▸ **Excerpted data**
========
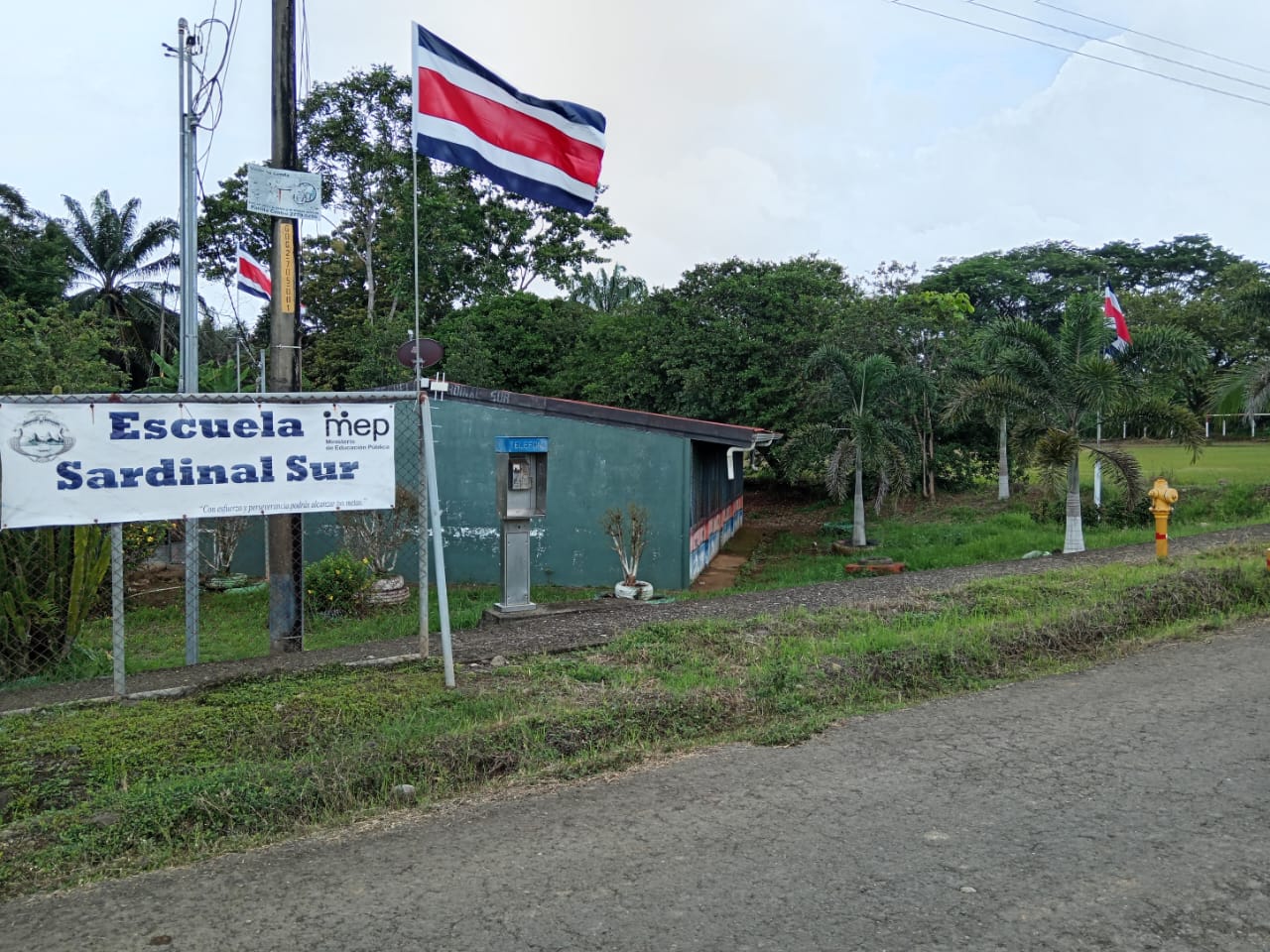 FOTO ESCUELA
========
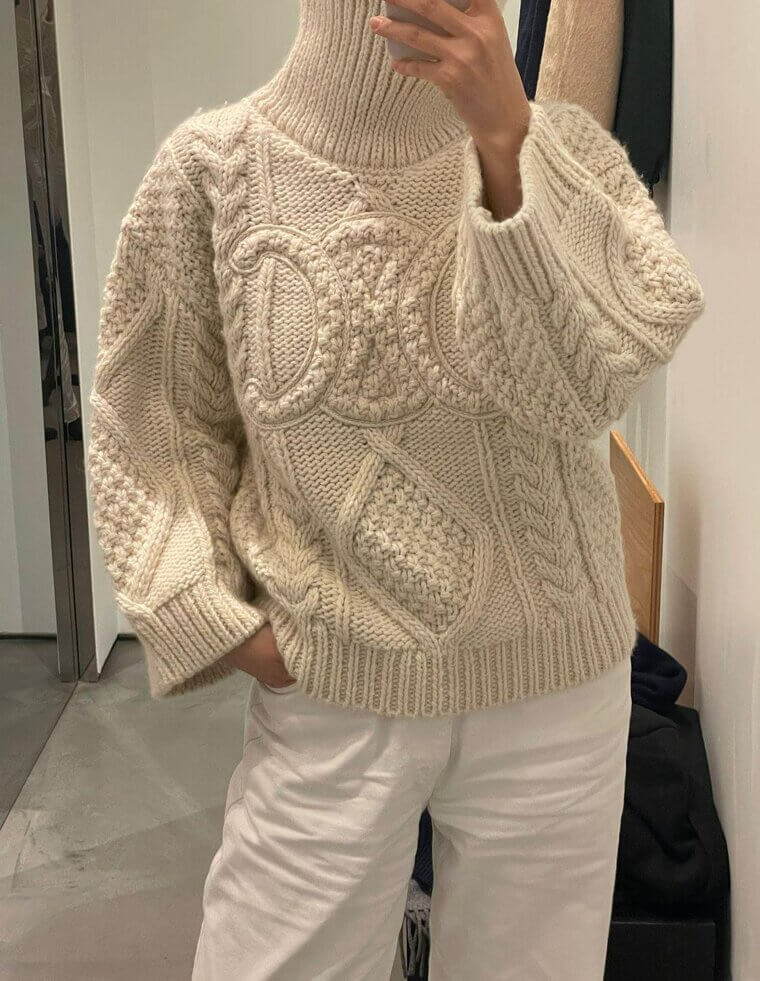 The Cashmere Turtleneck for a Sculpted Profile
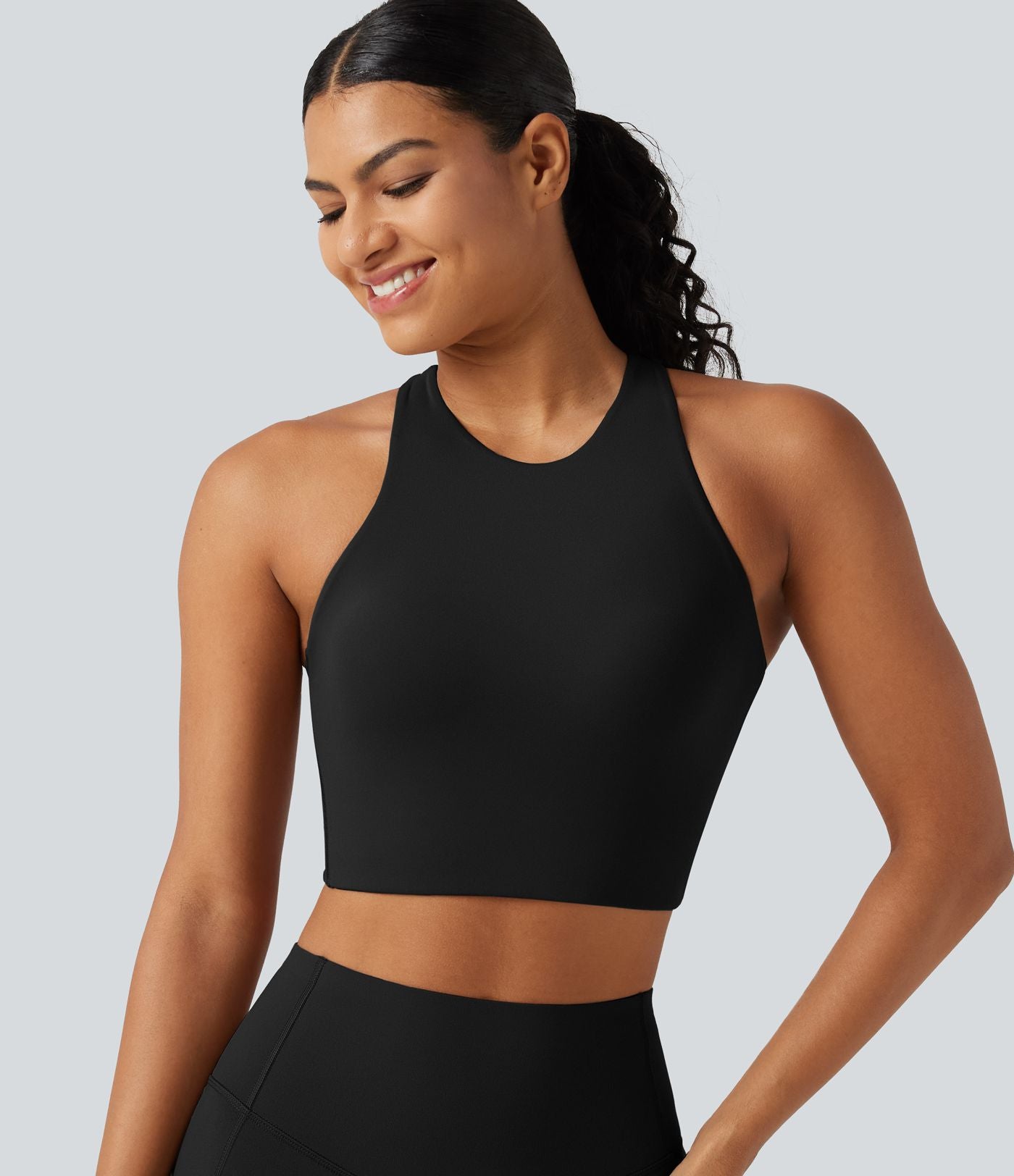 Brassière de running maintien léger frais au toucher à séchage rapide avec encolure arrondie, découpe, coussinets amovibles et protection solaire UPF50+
========
▸ **Work to complete**
Within the listing above, the lines starting at the one containing "The Cashmere Turtleneck" and ending at the one containing "Brassière de running" are to be returned exactly. Omit the pictures.

▸ **Output of the exercise**
 The Cashmere Turtleneck for a Sculpted Profile
 Brassière de running maintien léger frais au toucher à séchage rapide avec encolure arrondie, découpe, coussinets amovibles et protection solaire UPF50+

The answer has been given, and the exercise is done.